Starting at the line that contains "POST GLOVER RESISTORS INC T19R1K08" and stopping after the line that contains "Ohana Cottage — Yard", transcribe the listing below exactly; do not include any pictures.

══ Extracted data ══

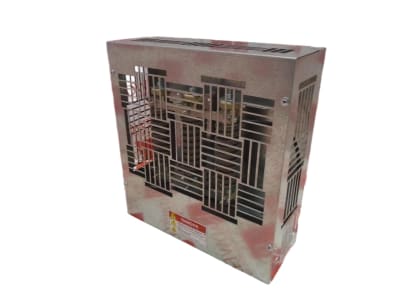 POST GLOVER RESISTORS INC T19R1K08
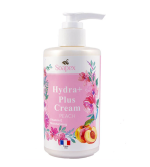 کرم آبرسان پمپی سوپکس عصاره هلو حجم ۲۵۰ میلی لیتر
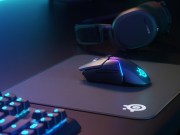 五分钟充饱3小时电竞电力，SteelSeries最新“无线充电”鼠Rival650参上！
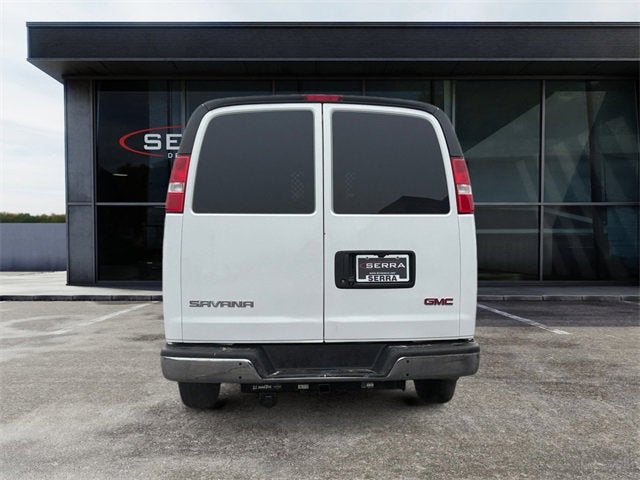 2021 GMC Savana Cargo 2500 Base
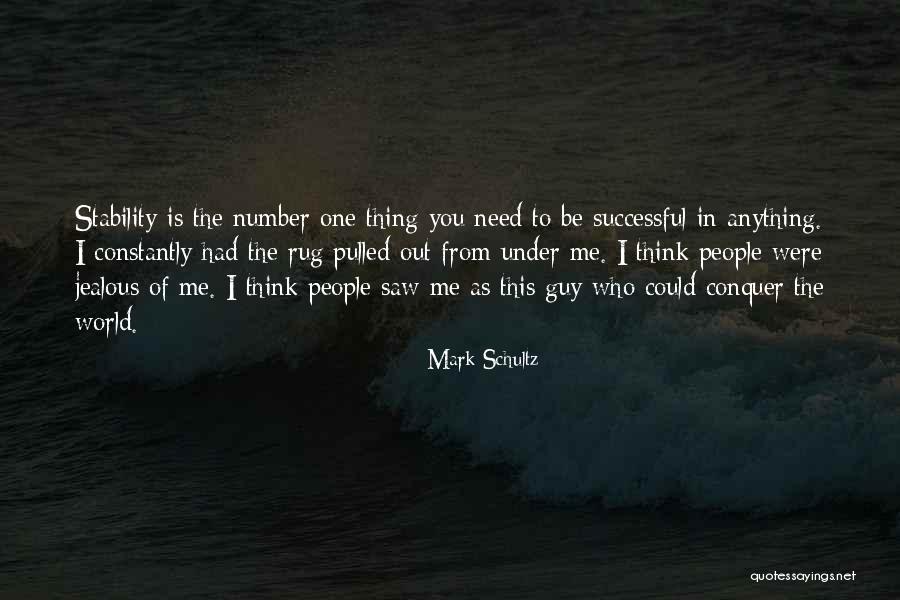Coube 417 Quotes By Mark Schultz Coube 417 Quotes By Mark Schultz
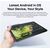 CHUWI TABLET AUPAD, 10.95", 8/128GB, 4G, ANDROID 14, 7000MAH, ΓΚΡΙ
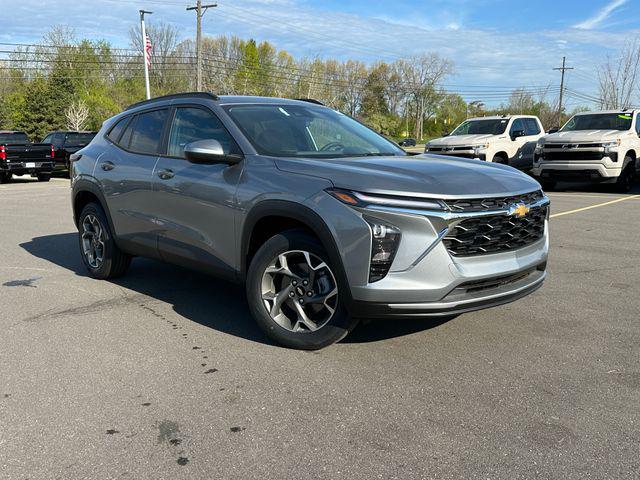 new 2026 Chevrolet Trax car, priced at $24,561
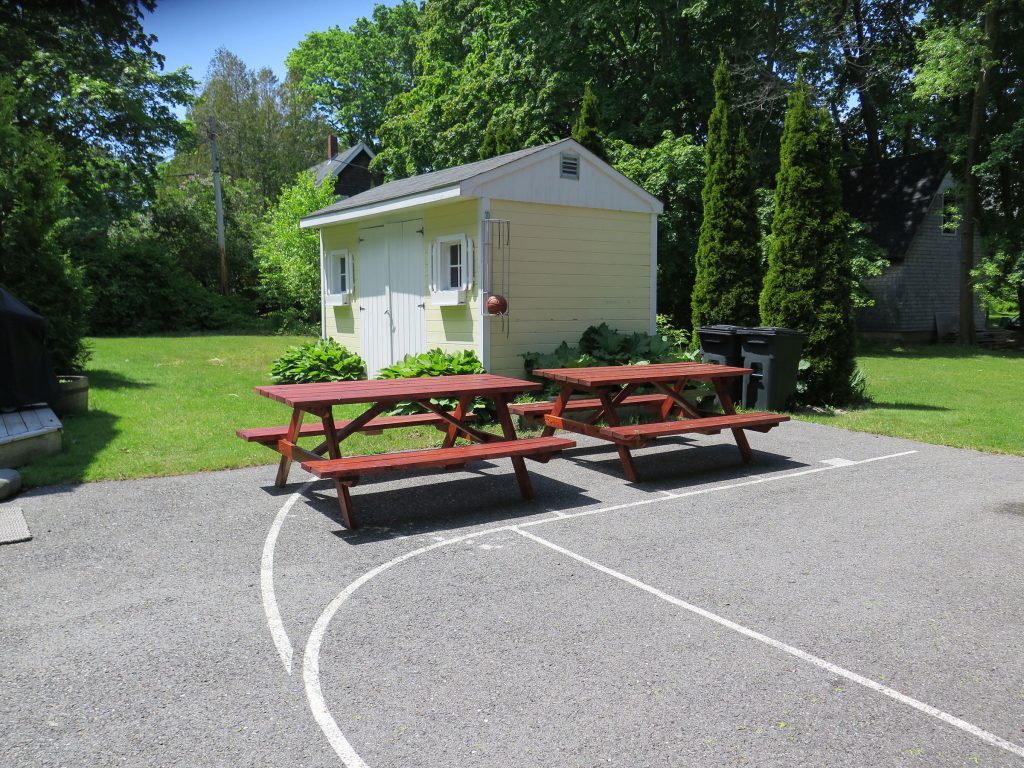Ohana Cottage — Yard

═══
══ Extracted data ══

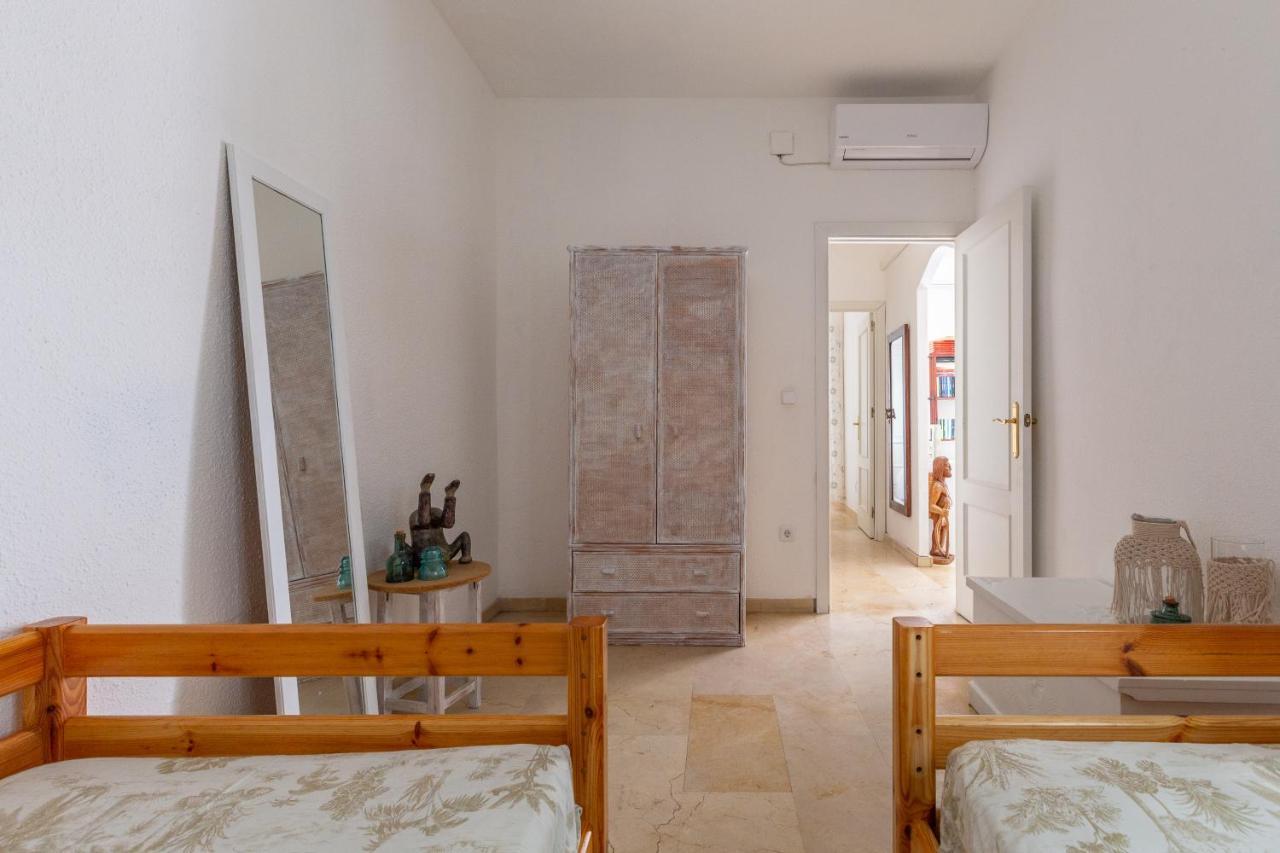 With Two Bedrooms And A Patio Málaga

═══

▶ _Output for this task_:
 POST GLOVER RESISTORS INC T19R1K08
 کرم آبرسان پمپی سوپکس عصاره هلو حجم ۲۵۰ میلی لیتر
 五分钟充饱3小时电竞电力，SteelSeries最新“无线充电”鼠Rival650参上！
 2021 GMC Savana Cargo 2500 Base
Coube 417 Quotes By Mark Schultz Coube 417 Quotes By Mark Schultz
 CHUWI TABLET AUPAD, 10.95", 8/128GB, 4G, ANDROID 14, 7000MAH, ΓΚΡΙ
 new 2026 Chevrolet Trax car, priced at $24,561
Ohana Cottage — Yard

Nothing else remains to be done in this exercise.